— Assignment —
Transcribe the lines from the start of the data below through the line with "新品_送料込み@ギガ枕EX 西川 マツコ 新品_送料込み@ギガ枕EX", word for word and nothing more.

** Opening Exercise data block **

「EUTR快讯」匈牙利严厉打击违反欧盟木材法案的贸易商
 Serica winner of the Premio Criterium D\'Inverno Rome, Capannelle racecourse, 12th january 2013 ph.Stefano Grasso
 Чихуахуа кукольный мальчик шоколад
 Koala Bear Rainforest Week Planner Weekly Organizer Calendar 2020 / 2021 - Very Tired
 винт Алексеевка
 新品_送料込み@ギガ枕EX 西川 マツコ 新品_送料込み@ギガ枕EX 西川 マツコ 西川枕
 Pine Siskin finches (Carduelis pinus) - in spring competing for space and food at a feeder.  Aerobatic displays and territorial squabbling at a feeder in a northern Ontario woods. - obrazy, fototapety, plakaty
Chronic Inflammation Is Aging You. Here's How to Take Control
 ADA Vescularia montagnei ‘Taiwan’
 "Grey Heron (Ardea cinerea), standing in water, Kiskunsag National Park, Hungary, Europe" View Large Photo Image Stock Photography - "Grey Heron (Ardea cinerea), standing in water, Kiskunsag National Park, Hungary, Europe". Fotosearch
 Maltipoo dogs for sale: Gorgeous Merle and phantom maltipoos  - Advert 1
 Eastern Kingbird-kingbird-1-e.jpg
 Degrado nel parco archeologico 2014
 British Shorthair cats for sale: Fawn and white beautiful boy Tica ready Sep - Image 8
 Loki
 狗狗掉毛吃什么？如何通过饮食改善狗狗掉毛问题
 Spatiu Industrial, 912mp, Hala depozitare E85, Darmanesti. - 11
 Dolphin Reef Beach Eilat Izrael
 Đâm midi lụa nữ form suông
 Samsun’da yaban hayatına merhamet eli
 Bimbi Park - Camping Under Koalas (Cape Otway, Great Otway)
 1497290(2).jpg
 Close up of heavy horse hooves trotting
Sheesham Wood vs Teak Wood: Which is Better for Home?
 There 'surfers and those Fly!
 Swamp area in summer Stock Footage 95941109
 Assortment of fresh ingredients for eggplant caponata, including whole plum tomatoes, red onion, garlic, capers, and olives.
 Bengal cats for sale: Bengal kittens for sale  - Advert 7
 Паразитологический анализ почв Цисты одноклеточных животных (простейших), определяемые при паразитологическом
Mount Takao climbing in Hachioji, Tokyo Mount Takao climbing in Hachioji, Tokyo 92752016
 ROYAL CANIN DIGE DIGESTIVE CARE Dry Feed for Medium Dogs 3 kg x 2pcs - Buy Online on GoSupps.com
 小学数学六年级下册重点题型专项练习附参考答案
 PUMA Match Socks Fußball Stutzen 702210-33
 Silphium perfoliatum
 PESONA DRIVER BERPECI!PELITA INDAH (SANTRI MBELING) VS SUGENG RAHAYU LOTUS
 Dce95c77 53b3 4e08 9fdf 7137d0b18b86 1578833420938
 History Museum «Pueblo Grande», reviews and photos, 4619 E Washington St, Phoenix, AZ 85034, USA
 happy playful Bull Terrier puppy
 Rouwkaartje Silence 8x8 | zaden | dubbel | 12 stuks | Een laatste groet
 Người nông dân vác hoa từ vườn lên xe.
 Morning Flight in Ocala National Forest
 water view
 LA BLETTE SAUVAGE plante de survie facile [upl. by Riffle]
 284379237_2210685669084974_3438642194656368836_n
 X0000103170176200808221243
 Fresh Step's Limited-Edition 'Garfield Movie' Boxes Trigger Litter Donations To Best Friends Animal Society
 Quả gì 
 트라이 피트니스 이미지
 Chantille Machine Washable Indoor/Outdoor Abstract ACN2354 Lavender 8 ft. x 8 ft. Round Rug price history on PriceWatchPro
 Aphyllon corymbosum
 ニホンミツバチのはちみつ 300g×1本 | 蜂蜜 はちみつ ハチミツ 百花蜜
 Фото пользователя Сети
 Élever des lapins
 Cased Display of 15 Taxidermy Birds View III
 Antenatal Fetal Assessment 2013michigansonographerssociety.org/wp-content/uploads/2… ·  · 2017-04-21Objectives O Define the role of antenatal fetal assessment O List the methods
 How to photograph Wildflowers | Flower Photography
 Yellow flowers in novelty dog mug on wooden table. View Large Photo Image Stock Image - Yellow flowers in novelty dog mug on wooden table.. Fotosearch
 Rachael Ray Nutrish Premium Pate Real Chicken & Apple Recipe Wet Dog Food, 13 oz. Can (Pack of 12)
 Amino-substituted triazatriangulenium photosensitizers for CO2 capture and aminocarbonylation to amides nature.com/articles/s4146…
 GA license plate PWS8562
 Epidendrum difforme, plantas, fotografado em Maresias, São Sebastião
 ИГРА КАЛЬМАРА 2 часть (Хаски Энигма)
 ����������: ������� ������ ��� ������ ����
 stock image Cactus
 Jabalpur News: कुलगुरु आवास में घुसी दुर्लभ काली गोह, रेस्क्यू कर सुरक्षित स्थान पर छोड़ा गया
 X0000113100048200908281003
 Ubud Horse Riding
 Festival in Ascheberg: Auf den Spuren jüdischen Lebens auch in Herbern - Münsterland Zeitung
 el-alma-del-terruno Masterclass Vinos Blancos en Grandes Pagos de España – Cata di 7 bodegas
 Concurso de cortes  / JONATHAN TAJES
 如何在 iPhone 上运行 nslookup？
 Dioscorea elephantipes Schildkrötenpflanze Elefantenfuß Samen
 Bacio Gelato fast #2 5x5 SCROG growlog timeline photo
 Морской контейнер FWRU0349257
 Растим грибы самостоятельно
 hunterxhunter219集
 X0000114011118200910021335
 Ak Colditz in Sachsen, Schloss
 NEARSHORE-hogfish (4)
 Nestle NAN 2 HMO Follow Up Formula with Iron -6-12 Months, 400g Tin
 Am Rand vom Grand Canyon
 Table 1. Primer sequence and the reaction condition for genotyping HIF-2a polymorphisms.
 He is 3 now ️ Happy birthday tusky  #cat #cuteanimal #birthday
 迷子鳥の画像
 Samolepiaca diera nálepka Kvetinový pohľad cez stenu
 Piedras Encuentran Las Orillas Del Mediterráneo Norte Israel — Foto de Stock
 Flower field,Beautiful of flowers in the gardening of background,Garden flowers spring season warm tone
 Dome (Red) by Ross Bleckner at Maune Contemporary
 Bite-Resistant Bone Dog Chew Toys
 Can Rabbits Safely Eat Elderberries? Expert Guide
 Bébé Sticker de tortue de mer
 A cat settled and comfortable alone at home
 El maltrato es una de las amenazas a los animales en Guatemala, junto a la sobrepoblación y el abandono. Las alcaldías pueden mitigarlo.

** Closing Exercise data block **

— Answer section —
「EUTR快讯」匈牙利严厉打击违反欧盟木材法案的贸易商
 Serica winner of the Premio Criterium D\'Inverno Rome, Capannelle racecourse, 12th january 2013 ph.Stefano Grasso
 Чихуахуа кукольный мальчик шоколад
 Koala Bear Rainforest Week Planner Weekly Organizer Calendar 2020 / 2021 - Very Tired
 винт Алексеевка
 新品_送料込み@ギガ枕EX 西川 マツコ 新品_送料込み@ギガ枕EX 西川 マツコ 西川枕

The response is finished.